Data section =
BEGIN

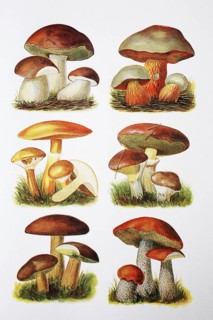 Roehrenpilze: Steinpilz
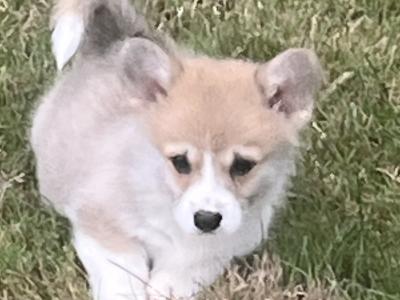 Beautiful Litter of IKC Registered Corgi puppies in Cork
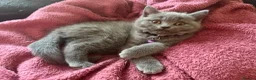 British Shorthair cats for sale: GCCF British Shorthair kittens - Blue and lilac! - Advert 1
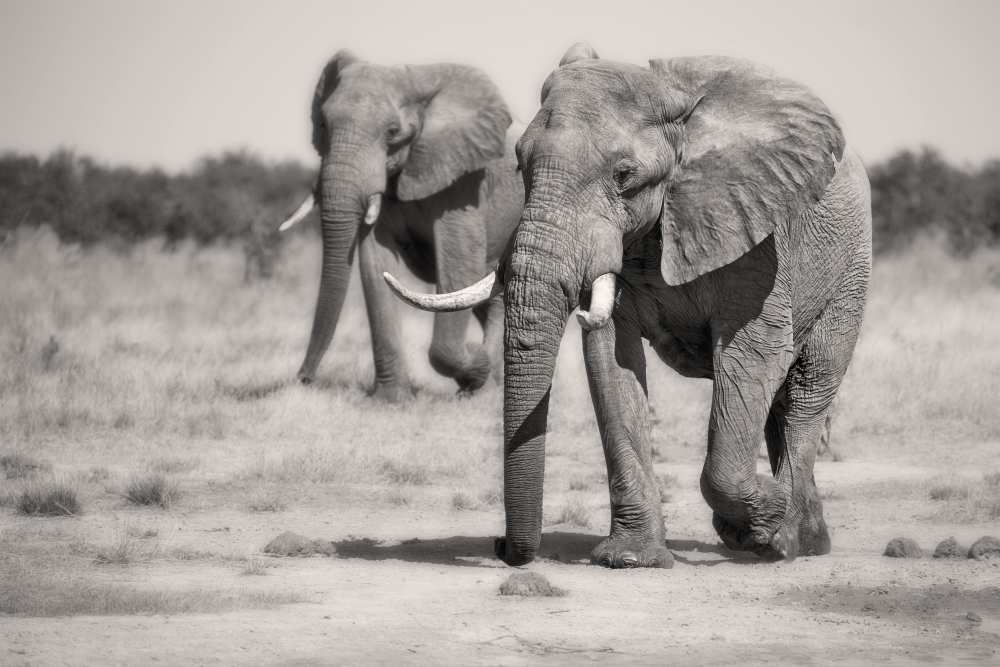 Twin Elephants von Alessandro Catta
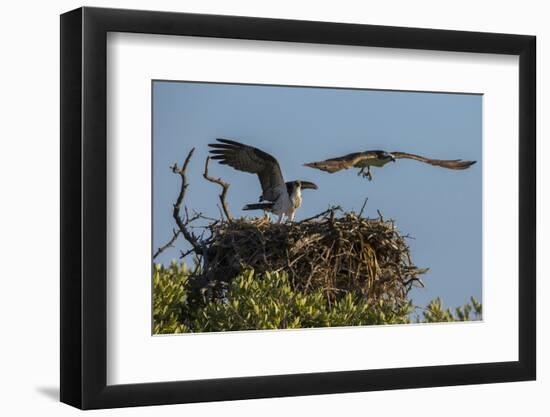 Adult Osprey Mate Leaving Nest, Flamingo, Everglades National Park, Florida-Maresa Pryor-Framed Photographic Print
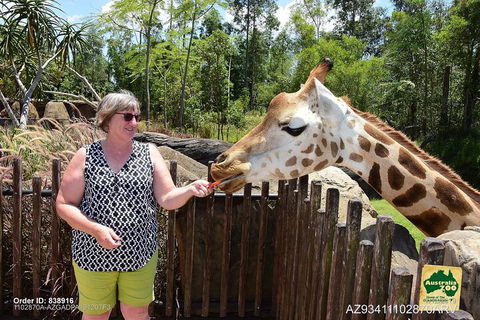 Small-Group Australia Zoo Day Trip From Brisbane - Accommodation Mooloolaba 2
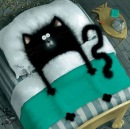 Фотография Котельникова Дмитрия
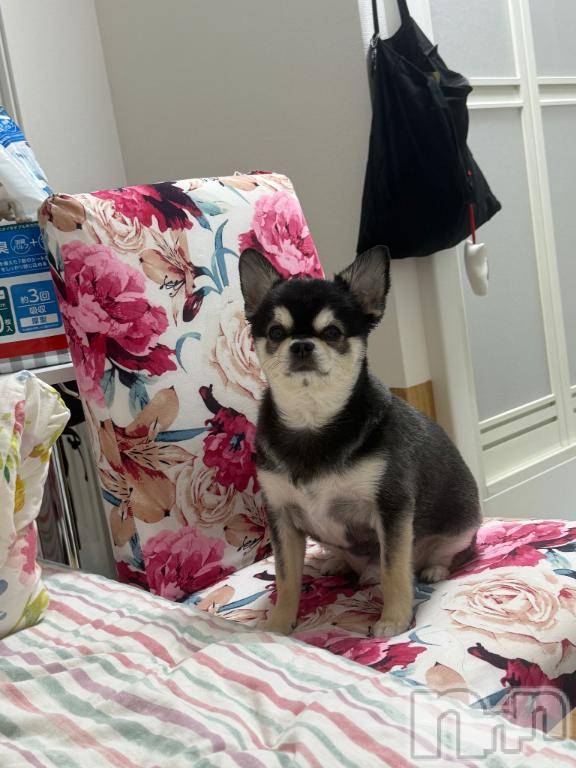 新潟ソープ新潟バニーコレクション(ニイガタバニーコレクション) ハンナ(22)の2月28日写メブログ「ありがとうの嵐～！！」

END

Exercise objective = From the material above, output every line exactly as written, dropping any picture.

Completed exercise =
 Roehrenpilze: Steinpilz
 Beautiful Litter of IKC Registered Corgi puppies in Cork
 British Shorthair cats for sale: GCCF British Shorthair kittens - Blue and lilac! - Advert 1
 Twin Elephants von Alessandro Catta
 Adult Osprey Mate Leaving Nest, Flamingo, Everglades National Park, Florida-Maresa Pryor-Framed Photographic Print
 Small-Group Australia Zoo Day Trip From Brisbane - Accommodation Mooloolaba 2
 Фотография Котельникова Дмитрия
 新潟ソープ新潟バニーコレクション(ニイガタバニーコレクション) ハンナ(22)の2月28日写メブログ「ありがとうの嵐～！！」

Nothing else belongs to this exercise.